==== Dataset
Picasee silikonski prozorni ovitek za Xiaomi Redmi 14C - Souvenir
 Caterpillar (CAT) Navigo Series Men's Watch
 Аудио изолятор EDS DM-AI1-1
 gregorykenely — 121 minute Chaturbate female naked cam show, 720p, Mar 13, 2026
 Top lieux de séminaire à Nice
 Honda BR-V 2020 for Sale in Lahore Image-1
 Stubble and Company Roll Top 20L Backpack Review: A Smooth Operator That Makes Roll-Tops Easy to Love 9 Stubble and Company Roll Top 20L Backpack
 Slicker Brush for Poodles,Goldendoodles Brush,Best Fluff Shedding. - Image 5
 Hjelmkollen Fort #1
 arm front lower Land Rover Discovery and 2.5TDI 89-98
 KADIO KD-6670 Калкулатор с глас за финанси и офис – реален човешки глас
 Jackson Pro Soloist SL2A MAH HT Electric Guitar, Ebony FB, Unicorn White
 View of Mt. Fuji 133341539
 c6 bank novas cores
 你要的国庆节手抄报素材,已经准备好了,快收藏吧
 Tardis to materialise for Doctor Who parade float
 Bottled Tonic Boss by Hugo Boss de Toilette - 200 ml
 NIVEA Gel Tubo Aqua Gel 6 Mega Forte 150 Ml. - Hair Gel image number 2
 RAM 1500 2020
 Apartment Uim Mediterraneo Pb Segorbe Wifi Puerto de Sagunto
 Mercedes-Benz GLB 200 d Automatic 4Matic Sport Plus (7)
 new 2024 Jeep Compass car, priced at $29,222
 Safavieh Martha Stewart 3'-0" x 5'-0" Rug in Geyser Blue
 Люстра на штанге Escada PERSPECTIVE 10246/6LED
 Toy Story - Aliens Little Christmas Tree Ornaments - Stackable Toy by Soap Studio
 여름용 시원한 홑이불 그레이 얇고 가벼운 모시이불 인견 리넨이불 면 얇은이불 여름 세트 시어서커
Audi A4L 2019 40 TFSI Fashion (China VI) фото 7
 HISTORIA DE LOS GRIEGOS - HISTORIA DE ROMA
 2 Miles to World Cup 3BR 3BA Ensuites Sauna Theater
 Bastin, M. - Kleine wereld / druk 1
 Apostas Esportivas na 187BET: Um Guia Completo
========
Exercise prompt: Could you set down, exactly as written, the lines above between the one holding "Аудио изолятор EDS DM-AI1-1" and the one holding "Stubble and Company Roll Top 20L Backpack Review: A", inclusive, and nothing more?

Task answer:
 Аудио изолятор EDS DM-AI1-1
 gregorykenely — 121 minute Chaturbate female naked cam show, 720p, Mar 13, 2026
 Top lieux de séminaire à Nice
 Honda BR-V 2020 for Sale in Lahore Image-1
 Stubble and Company Roll Top 20L Backpack Review: A Smooth Operator That Makes Roll-Tops Easy to Love 9 Stubble and Company Roll Top 20L Backpack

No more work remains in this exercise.